Sease and Gov. Earl Ray Tomblin gave addressed Monday’s accident where 26 tanker cars that were part of a 109-car train hauling Bakken crude oil derailed near Mount Carbon and Deepwater. At times, 19 of those cars were on fire.

Flames shoot skyward after the CSX train derailed near Mount Carbon, W.Va. on Monday.

Claiming none of those burning cars made it into the Kanawha River or its Armstrong Creek tributary, Sease said officials determined “to let the fire burn out.”

Seven of the cars that derailed did not rupture and were being uprighted, while 79 other cars that stayed on the tracks had been pulled away from the derailment scene by Tuesday. Sease estimated each of the cars contained 29,500 gallons of oil.

Sease could not provide an estimate on how much crude oil may have spilled from the ruptured tanker cars and could not confirm the speed of the train at the time of the derailment.

No one was seriously injured, though one home was destroyed. Evacuated residents were not being allowed back into their homes 24 hours later and officials gave no indications of how long the evacuation would last.

State officials said 85 residents were in two emergency shelters on Monday night.

“We have arranged a number of hotel rooms,” Sease said. “We are trying to move people from shelters to the motel rooms which are more comfortable so they can stay there until the all-clear is sounded and they can get back to their homes.”

About 700 homes and businesses in Fayette County did not have power Tuesday morning because of damage blamed on the derailment and the subsequent explosion and fires that sent flames hundreds of feet into the air.

“It’s not extensive damage (to the power system), but the conditions are a little different,” said Phil Moye, spokesperson for Appalachian Power.

Moye said crews equipped with air monitors entered the derailment site to make power repairs Tuesday morning. He estimated power could be restored as soon as Tuesday afternoon.

Laura Jordan, spokesperson for West Virginia American Water Company, said the Montgomery Water Treatment Plant resumed operations at shortly after 1 p.m. Tuesday, though it could take as along as two days to restore service throughout the system.

The intake for the facility was closed as a precaution Monday after initial derailment reports indicated a car and its oil tumbled into the Kanawha River.

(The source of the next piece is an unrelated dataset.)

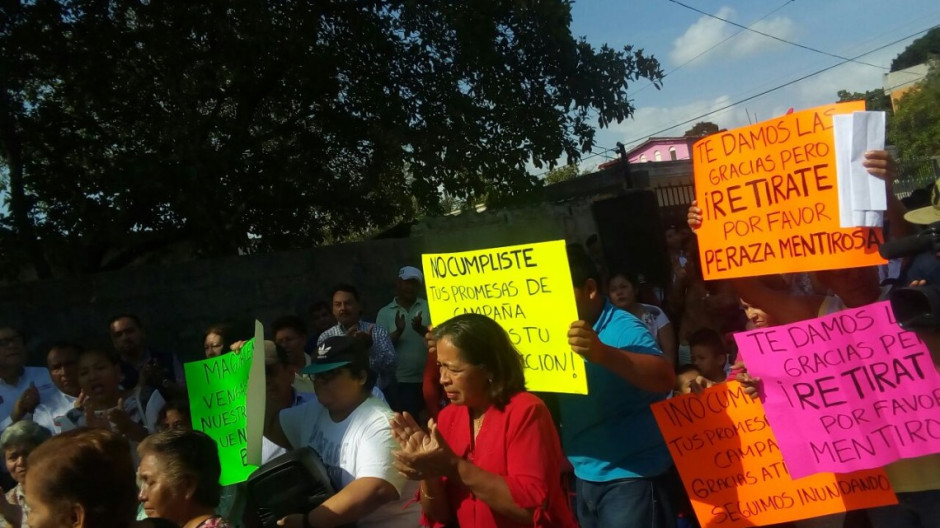 Vecinos atacan a alcaldesa durante inauguración de obra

“There were no rail cars that actually made it into the river,” Jordan said, referencing information CSX provided. “In fact, the (place) where the accident occurred was right at the mouth of Armstrong Creek, which is at the mouth of the Kanawha River, but not in the Kanawha River itself.”

Jordan said three water tests were taken from Kanawha River samples and none showed crude oil in the water at the intake for the Montgomery treatment plant.

Officials with the U.S. Department of Transportation said the Federal Railroad Administration would be visiting the scene.

The CSX train was en route from North Dakota to Yorktown, Va. Last April, 17 tanker cars derailed on the same line in Lynchburg, Va., with several of the cars spilling into the James River.

A State of Emergency was still in effect for both Kanawha County and Fayette County on Tuesday.

Crews and equipment lined up along state Route 61 in Montgomery Tuesday ready to begin derailment cleanup once they get the okay.